__REQUIREMENT__:
All entries below must be output word for word, and the pictures left behind.

(Captioned web images)
____

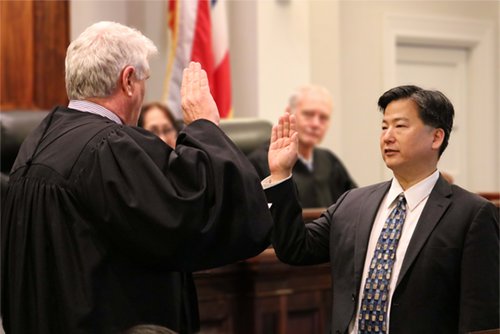 Chief Justice Recktenwald adinisters the oath of office to James Kawashima.
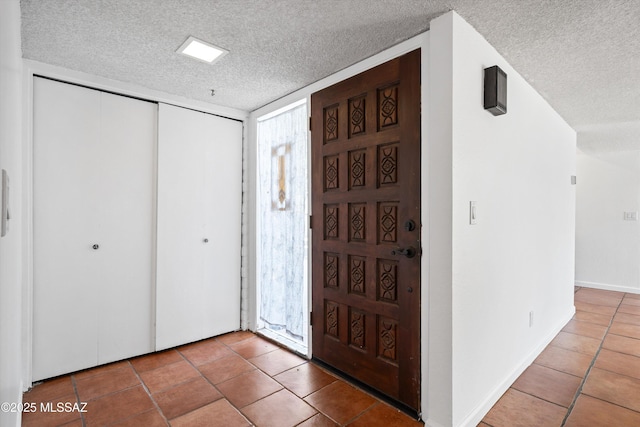 tiled entryway with a textured ceiling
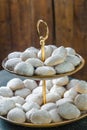 Cookies with powdered sugar on two level tray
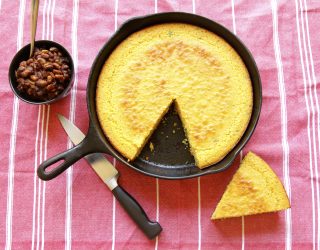 a cast iron skillet full of corn bread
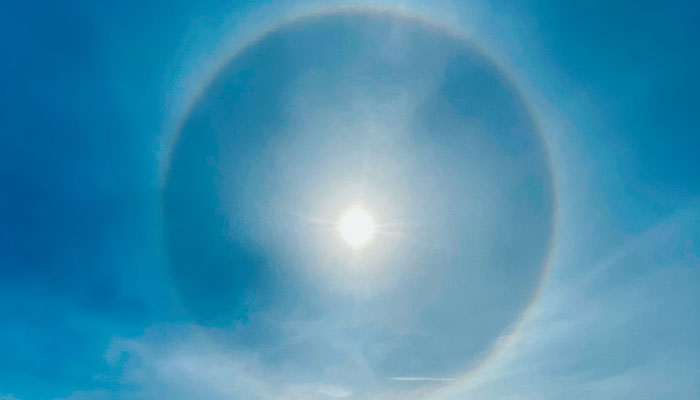 A halo around the sun. — Unsplash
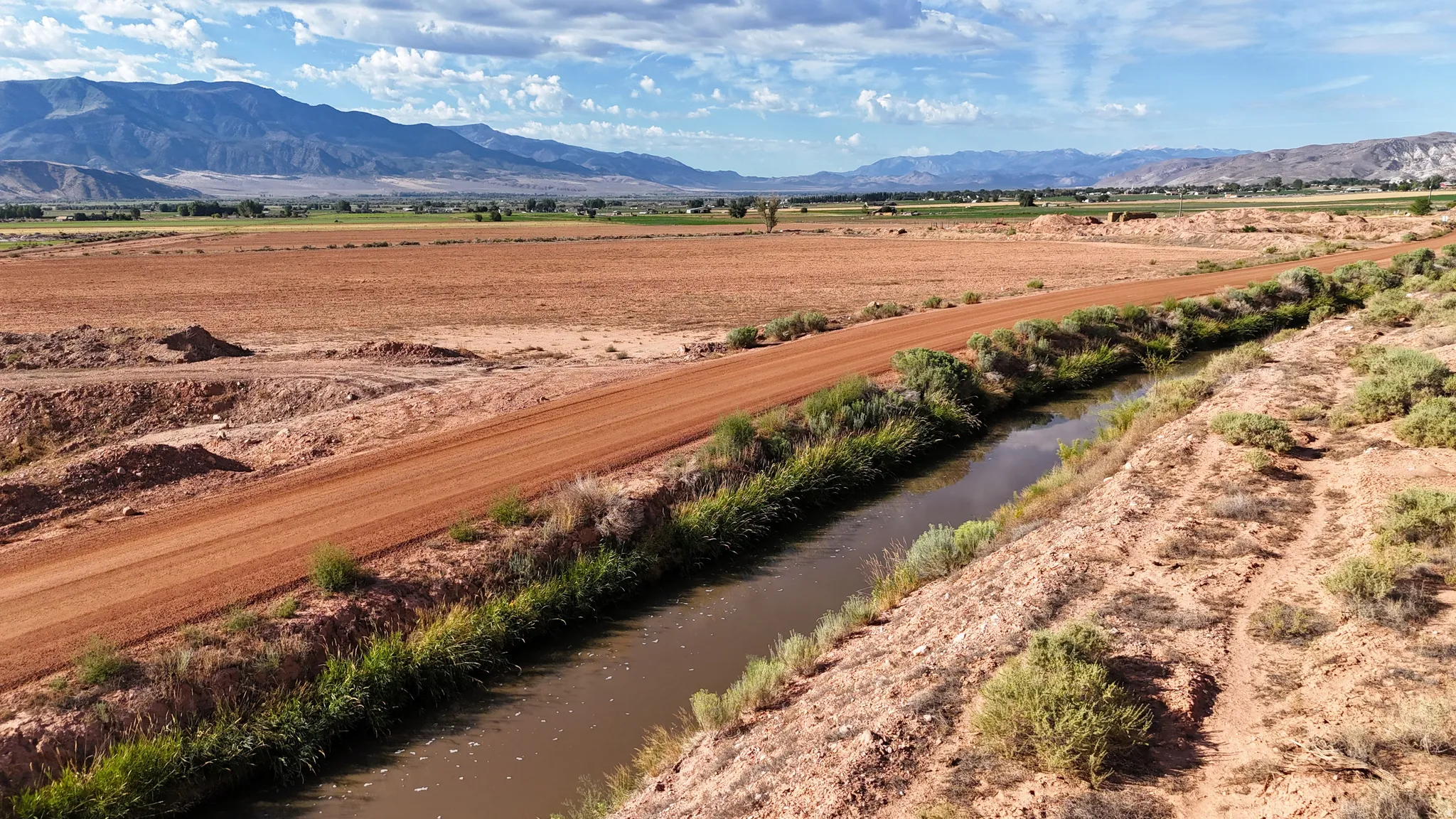 Expansive land parcel featuring a dirt road, natural water channel, and distant mountain range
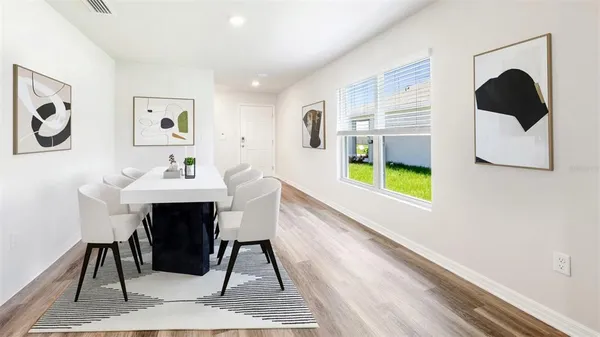 a dining room with wooden floor and a table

____

__ANSWER BOX__:
 Chief Justice Recktenwald adinisters the oath of office to James Kawashima.
 tiled entryway with a textured ceiling
 Cookies with powdered sugar on two level tray
 a cast iron skillet full of corn bread
 A halo around the sun. — Unsplash
 Expansive land parcel featuring a dirt road, natural water channel, and distant mountain range
 a dining room with wooden floor and a table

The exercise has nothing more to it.